Thread: [BUG]: segfault during update

[BUG]: segfault during update

From
"Drouvot, Bertrand"
Date:

Hi hackers,

Here is a scenario that produces segfault during update (on version 12 and 13):

create table bdttrig (created_at timestamp without time zone not null default now(),col1 bool not null default false, col2 text not null default 'def', col3 char(6) not null default 'bdtbdt');
CREATE TABLE

CREATE or replace FUNCTION trigger_function()
RETURNS TRIGGER
LANGUAGE PLPGSQL
AS $$
BEGIN
IF (NEW != OLD) THEN
NEW.created_at = OLD.created_at;
RETURN NEW;
END IF;
RETURN OLD;
END;
$$
;

CREATE FUNCTION

create trigger bdt_trigger before update on bdttrig for each row EXECUTE function trigger_function();

CREATE TRIGGER

insert into bdttrig(col1) values (true);

INSERT 0 1

alter table bdttrig add column col4 text  not null default 'default';

ALTER TABLE

alter table bdttrig drop column col2;

ALTER TABLE

update bdttrig  set col1 = true;
server closed the connection unexpectedly
        This probably means the server terminated abnormally
        before or while processing the request.

I did some digging and found out and tested that the issue is fixed by this commit: https://github.com/postgres/postgres/commit/20d3fe9009ddbbbb3da3a2da298f922054b43f8c

So, we would need to back port this commit on 12 and 13.

Thanks

Bertrand

Re: [BUG]: segfault during update

From
Tom Lane
Date:
"Drouvot, Bertrand" <bdrouvot@amazon.com> writes:
> Here is a scenario that produces segfault during update (on version 12 
> and 13):

Hm.  So the point about failing to reproduce dropped columns is more
critical than I thought.  I wonder how come we get away with that before
v12?

> So, we would need to back port this commit on 12 and 13.

Yeah, this is sufficient reason why we must use the more invasive
patch on those branches.  What I'm wondering now is if there's a
way to break even-older branches based on failure to handle dropped
columns here.

            regards, tom lane



Re: [BUG]: segfault during update

From
Tom Lane
Date:
I wrote:
> Yeah, this is sufficient reason why we must use the more invasive
> patch on those branches.  What I'm wondering now is if there's a
> way to break even-older branches based on failure to handle dropped
> columns here.

After tracing through the example in v11, I see why those branches
are not broken: when ExecBRUpdateTriggers decides to return the
trigger-returned tuple, it sticks it into a target slot like this:

        /*
         * Return the modified tuple using the es_trig_tuple_slot.  We assume
         * the tuple was allocated in per-tuple memory context, and therefore
         * will go away by itself.
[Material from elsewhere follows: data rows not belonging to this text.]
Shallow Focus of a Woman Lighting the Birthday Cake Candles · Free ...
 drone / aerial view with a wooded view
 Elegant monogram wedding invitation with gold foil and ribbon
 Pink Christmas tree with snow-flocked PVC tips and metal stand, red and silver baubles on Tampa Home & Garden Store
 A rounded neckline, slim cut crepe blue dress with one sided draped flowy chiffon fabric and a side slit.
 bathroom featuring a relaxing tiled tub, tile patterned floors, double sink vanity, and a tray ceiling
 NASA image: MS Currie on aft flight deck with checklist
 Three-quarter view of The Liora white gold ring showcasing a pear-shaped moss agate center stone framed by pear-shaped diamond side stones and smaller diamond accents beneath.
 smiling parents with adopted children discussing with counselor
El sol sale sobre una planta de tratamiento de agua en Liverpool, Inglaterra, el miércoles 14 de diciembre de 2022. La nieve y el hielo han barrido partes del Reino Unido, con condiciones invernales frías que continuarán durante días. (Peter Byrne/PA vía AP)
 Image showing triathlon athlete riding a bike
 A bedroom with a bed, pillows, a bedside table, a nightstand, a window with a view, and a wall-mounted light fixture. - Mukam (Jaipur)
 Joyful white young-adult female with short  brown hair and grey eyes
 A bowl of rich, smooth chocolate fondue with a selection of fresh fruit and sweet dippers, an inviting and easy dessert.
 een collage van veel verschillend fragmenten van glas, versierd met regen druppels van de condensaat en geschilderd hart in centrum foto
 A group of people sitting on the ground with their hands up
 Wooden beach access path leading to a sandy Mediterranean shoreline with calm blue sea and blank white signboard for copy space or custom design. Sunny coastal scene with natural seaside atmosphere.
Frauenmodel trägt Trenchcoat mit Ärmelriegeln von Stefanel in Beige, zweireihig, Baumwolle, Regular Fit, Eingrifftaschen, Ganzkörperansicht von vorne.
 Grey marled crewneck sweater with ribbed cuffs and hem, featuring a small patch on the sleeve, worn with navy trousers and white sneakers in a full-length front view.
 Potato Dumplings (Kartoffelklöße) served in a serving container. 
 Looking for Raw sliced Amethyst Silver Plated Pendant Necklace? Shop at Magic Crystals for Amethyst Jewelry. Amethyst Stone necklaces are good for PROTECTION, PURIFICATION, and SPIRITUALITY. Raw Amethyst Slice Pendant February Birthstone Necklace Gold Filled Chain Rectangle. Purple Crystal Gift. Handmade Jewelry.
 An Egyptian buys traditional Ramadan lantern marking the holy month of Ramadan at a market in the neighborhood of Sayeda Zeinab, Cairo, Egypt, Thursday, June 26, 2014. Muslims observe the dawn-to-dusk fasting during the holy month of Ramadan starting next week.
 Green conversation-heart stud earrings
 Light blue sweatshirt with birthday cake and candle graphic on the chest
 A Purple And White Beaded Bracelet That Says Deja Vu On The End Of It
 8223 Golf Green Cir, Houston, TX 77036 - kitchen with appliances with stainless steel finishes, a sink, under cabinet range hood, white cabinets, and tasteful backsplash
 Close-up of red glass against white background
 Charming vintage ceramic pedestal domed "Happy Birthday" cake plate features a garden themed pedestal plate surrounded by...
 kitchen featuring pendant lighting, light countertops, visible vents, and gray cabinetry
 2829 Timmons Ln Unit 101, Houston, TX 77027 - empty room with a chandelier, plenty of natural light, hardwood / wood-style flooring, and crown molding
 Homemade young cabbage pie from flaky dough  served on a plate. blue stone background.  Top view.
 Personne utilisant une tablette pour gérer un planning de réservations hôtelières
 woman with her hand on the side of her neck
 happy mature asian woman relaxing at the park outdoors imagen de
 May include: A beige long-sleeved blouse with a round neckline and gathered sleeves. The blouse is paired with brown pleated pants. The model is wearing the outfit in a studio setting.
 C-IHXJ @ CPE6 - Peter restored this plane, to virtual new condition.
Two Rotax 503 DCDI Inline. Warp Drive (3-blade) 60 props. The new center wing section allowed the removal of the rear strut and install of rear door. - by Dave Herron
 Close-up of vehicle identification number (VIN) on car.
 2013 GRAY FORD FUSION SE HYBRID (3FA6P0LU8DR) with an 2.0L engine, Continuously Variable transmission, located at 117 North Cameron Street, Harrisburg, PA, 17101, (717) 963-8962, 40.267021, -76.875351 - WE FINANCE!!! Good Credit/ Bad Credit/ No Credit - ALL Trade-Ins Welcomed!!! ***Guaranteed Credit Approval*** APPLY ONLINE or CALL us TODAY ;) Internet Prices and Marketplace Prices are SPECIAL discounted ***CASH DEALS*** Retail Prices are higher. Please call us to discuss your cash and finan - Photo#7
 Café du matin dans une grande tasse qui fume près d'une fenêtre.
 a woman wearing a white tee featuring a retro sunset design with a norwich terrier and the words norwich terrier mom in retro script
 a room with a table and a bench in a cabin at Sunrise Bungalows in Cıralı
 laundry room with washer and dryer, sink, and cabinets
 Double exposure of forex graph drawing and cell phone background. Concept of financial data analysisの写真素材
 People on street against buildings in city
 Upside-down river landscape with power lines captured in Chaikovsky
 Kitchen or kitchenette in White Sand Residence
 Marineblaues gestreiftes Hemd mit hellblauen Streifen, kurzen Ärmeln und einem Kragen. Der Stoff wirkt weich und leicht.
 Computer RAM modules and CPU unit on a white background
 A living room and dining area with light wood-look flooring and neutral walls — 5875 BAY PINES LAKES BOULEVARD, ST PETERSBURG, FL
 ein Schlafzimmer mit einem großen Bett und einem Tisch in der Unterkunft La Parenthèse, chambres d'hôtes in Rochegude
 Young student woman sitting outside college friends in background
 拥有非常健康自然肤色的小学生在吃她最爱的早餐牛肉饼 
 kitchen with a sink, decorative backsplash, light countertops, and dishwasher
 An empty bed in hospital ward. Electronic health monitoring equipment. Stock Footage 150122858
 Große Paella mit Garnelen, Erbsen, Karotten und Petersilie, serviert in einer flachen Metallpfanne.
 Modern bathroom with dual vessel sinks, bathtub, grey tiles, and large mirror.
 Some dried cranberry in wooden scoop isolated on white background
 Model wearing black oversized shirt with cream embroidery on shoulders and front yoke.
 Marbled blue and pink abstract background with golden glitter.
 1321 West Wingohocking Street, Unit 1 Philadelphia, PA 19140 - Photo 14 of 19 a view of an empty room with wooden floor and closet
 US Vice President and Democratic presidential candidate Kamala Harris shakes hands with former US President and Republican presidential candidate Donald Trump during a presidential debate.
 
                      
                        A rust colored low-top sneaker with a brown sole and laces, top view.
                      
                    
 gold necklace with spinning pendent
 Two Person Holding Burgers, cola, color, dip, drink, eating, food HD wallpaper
The tuple table slot should not try to
         * clear it.
         */
        TupleTableSlot *newslot = estate->es_trig_tuple_slot;
        TupleDesc    tupdesc = RelationGetDescr(relinfo->ri_RelationDesc);

        if (newslot->tts_tupleDescriptor != tupdesc)
            ExecSetSlotDescriptor(newslot, tupdesc);
        ExecStoreTuple(newtuple, newslot, InvalidBuffer, false);

So the slot that ExecConstraints et al will be working with contains
the relation's actual tuple descriptor, not the approximate descr
obtained by looking at the plan tlist.

This logic is entirely gone in v12, which confirms my instinct that
there was something about Andres' slot-manipulation changes that
broke this scenario.  In v12 we end up using the junkfilter's output
slot, which does not have a sufficiently accurate tupdesc to deal with
an on-disk tuple rather than one constructed by the executor.

So I'll go see about back-patching 20d3fe900.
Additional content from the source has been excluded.